Seasonal variability in source water can lead to challenges for drinking water providers related to operational optimization and process control in treatment facilities. The objective of this study is to investigate seasonal variability of water quality in municipal small water systems (<3000 residents) supplied by surface waters. Residual chlorine and trihalomethanes (THM) were measured over seven years (2003–2009). Comparisons are made within each system over time, as well as between systems according to the type of their treatment technologies. THM concentrations are generally higher in the summer and autumn. The seasonal variability was generally more pronounced in systems using chlorination plus additional treatment. Chloroform, total THM (TTHM) and residual chlorine concentrations were generally lower in systems using chlorination plus additional treatment.
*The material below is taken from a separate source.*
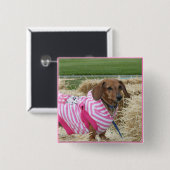 ダックスフント犬 缶バッジ (正面&裏面)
Conversely, brominated THM concentrations were higher in systems using additional treatment. Residual chlorine was highest in the winter and lowest in the spring and summer. Seasonal variations were most pronounced for residual chlorine in systems with additional treatment. There was generally poor correlation between THM concentrations and concentrations of residual chlorine. Further study with these data will be beneficial in finding determinants and indicators for both quantity and variability of disinfection byproducts and other water quality parameters.